Shipping will need to start to make contingency plans if cases of Covid-19 continue to escalate in China, one of the world’s most important nations for shipping movements.
The delta variant has broken through the country’s virus defences, which are some of the strictest in the world, and reached nearly half of China’s 32 provinces in just two weeks. While the overall number of infections — more than 360 so far — is still lower than Covid resurgences elsewhere, the wide spread indicates that the variant is moving quickly with many millions of Chinese now in lockdown.
As cases emerged in the city of Zhangjiajie, the city ordered residential communities to be sealed on Sunday, preventing people from leaving their homes. In a subsequent order on Tuesday, officials said no one, whether tourist or resident, could leave the city.
“For freight markets, the implications include delays at ports as authorities screen crews of incoming vessels and a hit to China’s oil demand if widespread lockdowns are imposed,” a report from the shipbroking company, Braemar ACM pointed out yesterday.
When a Covid-19 outbreak was detected at Yantian Port in late May, operations at the key southern Chinese export hub were slashed by 70% for most of June. Similar disruptions are on the cards in the coming weeks, while shipyards are also likely to see their delivery schedules come under pressure if any wider lockdown measures are taken.
On the possible consequences for the container sector, Alan Murphy, CEO of Danish consultancy Sea-Intelligence, reminded readers of what happened in February 2020 when China first went into lockdown.

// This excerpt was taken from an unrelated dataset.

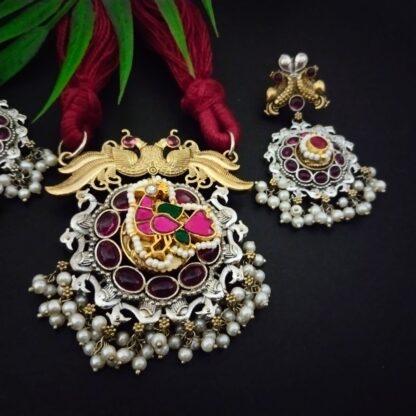 Threaded sunheri ornate  set - 4 - Image 2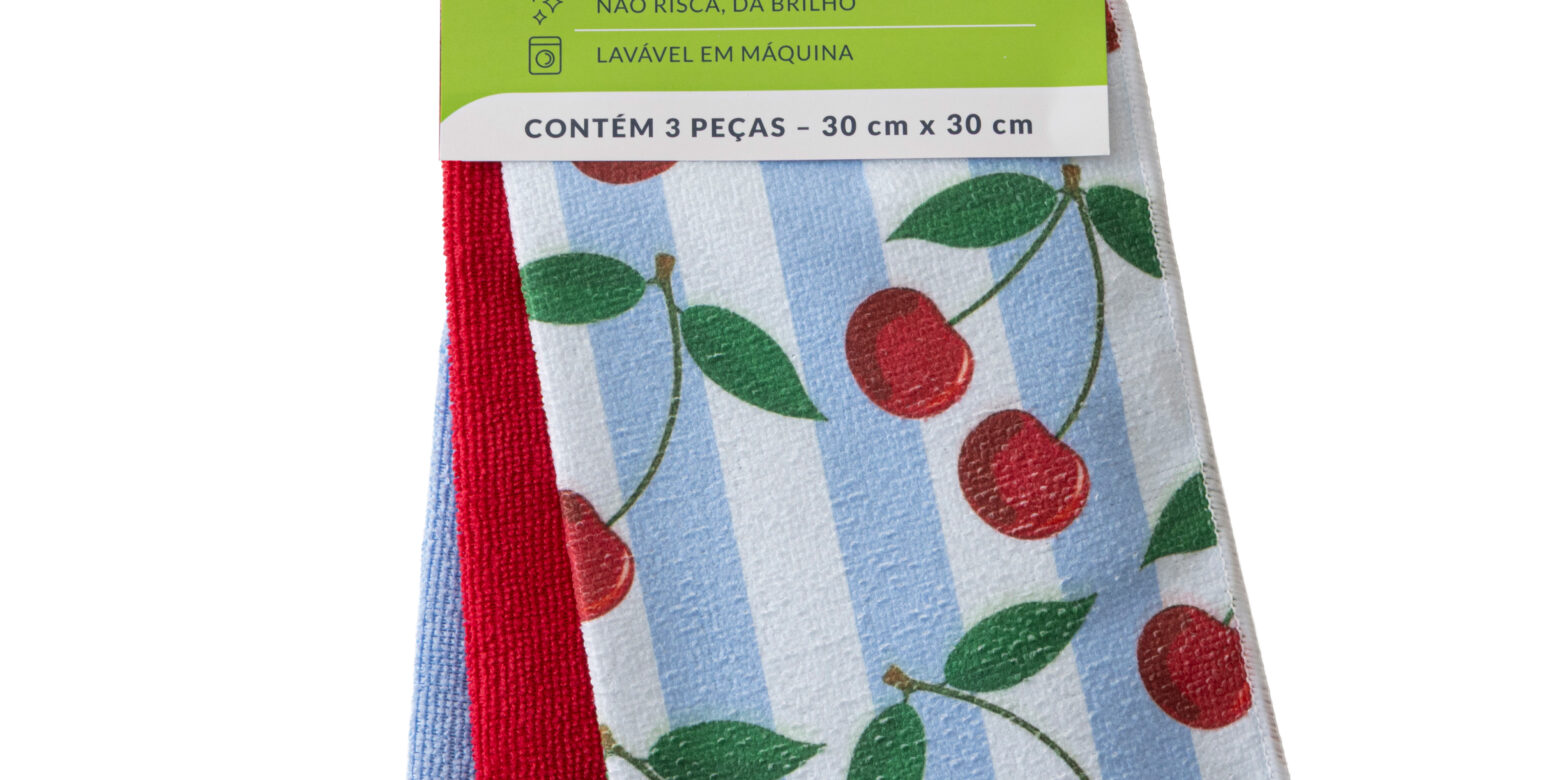 Kit pano multiuso Pratic estampado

Carriers responded with a wave of blank sailings.
“Assuming that a strict China lockdown would lead to a scenario as in February 2020, we would expect a drop in production of 15-20% for about a month,” Murphy suggested.
“Cargo owners, already stressed beyond sanity from devastatingly high freight rates and absurd surcharges, and with no way to secure neither equipment nor space, would suddenly see their procurement costs sky-rocket in addition to their back-breaking logistics costs,” Murphy predicted, adding that the one possible silver lining for shippers could be that as the production decreases start to wave out to the Chinese ports, pressure would start to ease off on the ocean bottleneck, which could start to bring down freight rates.
The added concern Murphy has is if Chinese ports were not able to run at full capacity, like Yantian earlier this year:
“For container shipping, which is more than red-hot at the moment, even a brief halt in Chinese exports is likely to ease the crunch a bit logistically so long as a lockdown only closes manufacturing sectors and not ports and terminals,” commented Peter Sand, chief shipping analyst at BIMCO.